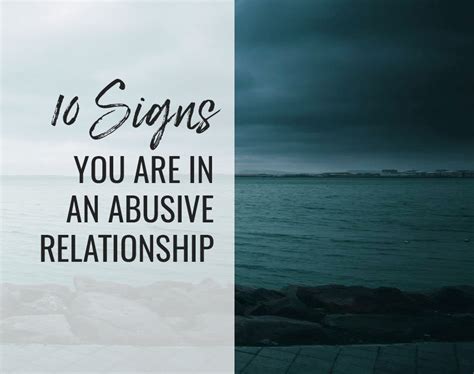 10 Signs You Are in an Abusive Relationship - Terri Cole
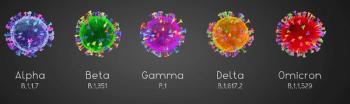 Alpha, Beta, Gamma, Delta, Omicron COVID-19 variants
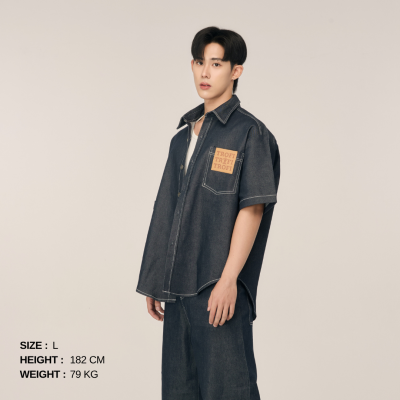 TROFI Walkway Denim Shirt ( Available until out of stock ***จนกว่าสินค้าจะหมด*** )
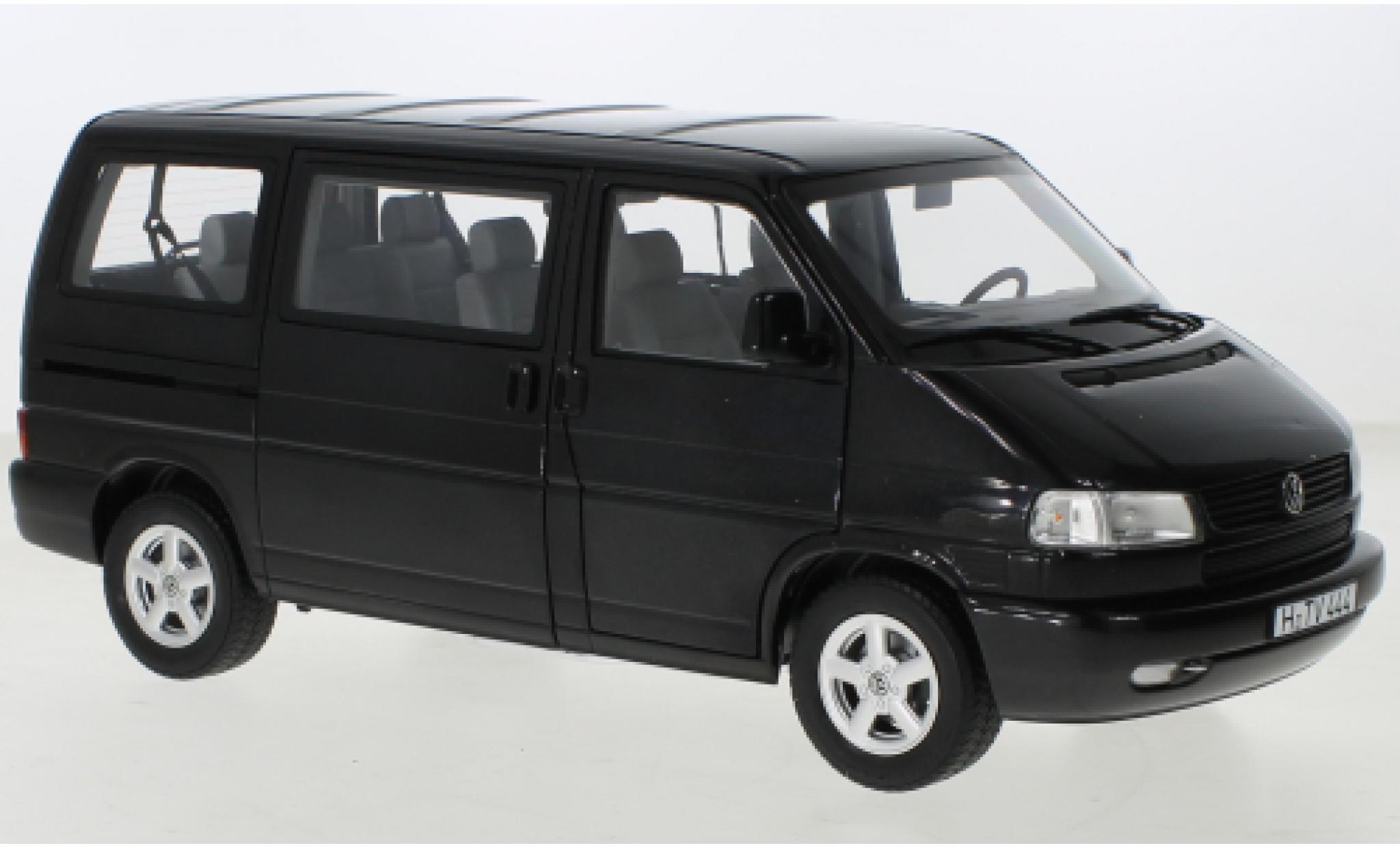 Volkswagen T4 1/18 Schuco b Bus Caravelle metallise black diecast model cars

--

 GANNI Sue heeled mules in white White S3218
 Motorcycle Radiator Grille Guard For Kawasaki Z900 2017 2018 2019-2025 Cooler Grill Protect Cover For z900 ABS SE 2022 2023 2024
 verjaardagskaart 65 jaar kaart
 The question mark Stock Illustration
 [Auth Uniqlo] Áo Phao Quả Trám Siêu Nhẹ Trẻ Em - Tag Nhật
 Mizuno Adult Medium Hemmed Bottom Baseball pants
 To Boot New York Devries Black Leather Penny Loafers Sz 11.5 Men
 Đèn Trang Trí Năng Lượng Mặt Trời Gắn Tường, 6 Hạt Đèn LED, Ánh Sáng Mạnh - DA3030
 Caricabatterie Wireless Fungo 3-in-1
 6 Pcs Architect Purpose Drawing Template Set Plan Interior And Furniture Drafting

...

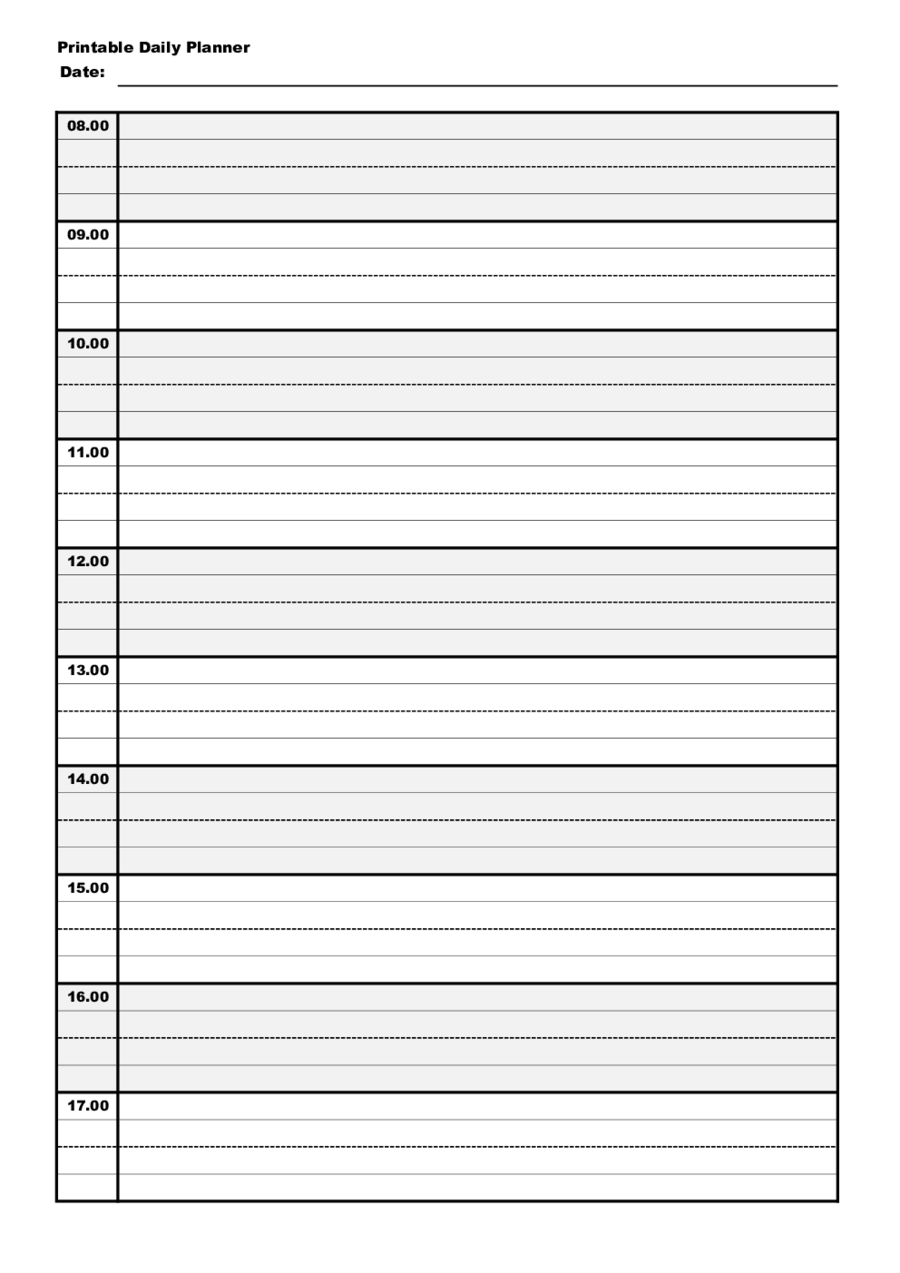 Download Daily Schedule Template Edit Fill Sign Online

**TASK INSTRUCTIONS:** Within the listing above, extract exactly the lines from the line with "The question mark Stock Illustration" to the line with "6 Pcs Architect", the two named lines included, and no others.

**EXERCISE OUTPUT:**
 The question mark Stock Illustration
 [Auth Uniqlo] Áo Phao Quả Trám Siêu Nhẹ Trẻ Em - Tag Nhật
 Mizuno Adult Medium Hemmed Bottom Baseball pants
 To Boot New York Devries Black Leather Penny Loafers Sz 11.5 Men
 Đèn Trang Trí Năng Lượng Mặt Trời Gắn Tường, 6 Hạt Đèn LED, Ánh Sáng Mạnh - DA3030
 Caricabatterie Wireless Fungo 3-in-1
 6 Pcs Architect Purpose Drawing Template Set Plan Interior And Furniture Drafting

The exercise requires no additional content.